Doit-on s’attendre à une purge contre les putschistes ?

Erdogan l’avait promis dès le début du coup d’Etat vendredi soir. Elle a donc débuté dès le lendemain. Le Premier ministre Binali Yildirim a annoncé, samedi matin, l’arrestation de 2 839 personnes et la possibilité de rétablir la peine de mort pour punir «les traîtres». D’autres institutions sont touchées. Plusieurs centaines de juges ont été écartés samedi. En plus des affrontements entre policiers et militaires, certains civils auraient lynché des militaires putschistes. «Ces violences non contrôlées par les autorités ont été légitimées, voire encouragées, par le gouvernement», souligne Elise Massicard.
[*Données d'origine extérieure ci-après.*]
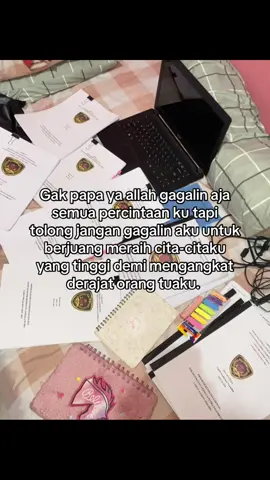 semuanya untuk mereka. #masadepancerah #harapankeluarga #prestasi #anakkesehatan #fyppppppppppppppppppppppp #laporanpkl #calonapoteker #anakperempuanpertama #farmasi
Erdogan a-t-il utilisé les responsables religieux pour légitimer son appel à la population ?

Dans la nuit de vendredi, à Istanbul, les muezzins ont interrompu leur chant de prière pour appeler la population à descendre dans la rue afin de soutenir le gouvernement. Pour la chercheuse du CNRS, «ce ne sont pas des initiatives personnelles». En Turquie, les imams et les muezzins sont des fonctionnaires d’Etat, et Erdogan a des liens forts avec la communauté religieuse musulmane. Reste que c’est la première fois que le gouvernement en appelle aux responsables religieux pour relayer ce type de messages politiques. «Pour Erdogan, c’est un moyen de se légitimer en s’appuyant sur la religion», ajoute-t-elle.

Erdogan avait-il préparé ses arrières dans l’éventualité d’un coup d’Etat ?

Vendredi soir, les putschistes comme les forces pro-gouvernementales ont fait usage d’un important arsenal militaire. Comment expliquer cet équilibre? D’abord, toute l’armée n’a pas soutenu le coup d’Etat. Il y avait donc des moyens de défense militaires du côté des pro-Erdogan. L’arsenal donné à la police laisse tout de même penser que le président envisageait un retournement des militaires. Depuis son accession au pouvoir, Erdogan s’est beaucoup appuyé sur la police pour établir sa politique sécuritaire. Leurs moyens d’intervention ont été largement renforcés depuis plusieurs années.

Dans le pays s’observe déjà un resserrement du pouvoir par Erdogan. L’échec de ce putsch renforce l’assise du président turc sur l’opposition politique qui subsiste, mais aussi face aux puissances qui interviennent dans la région. Le gouvernement a déjà annoncé la fermeture de la base militaire d’Incirlik, qui servait de base arrière pour la coalition internationale, dans les interventions en Syrie et en Irak, tant que Fethullah Gülen ne serait pas extradé des Etats-unis. Plus largement, c’est tout l’espace aérien qui a été fermé. Les missions aériennes des Etats-unis contre l’Etat islamique ont donc été suspendues.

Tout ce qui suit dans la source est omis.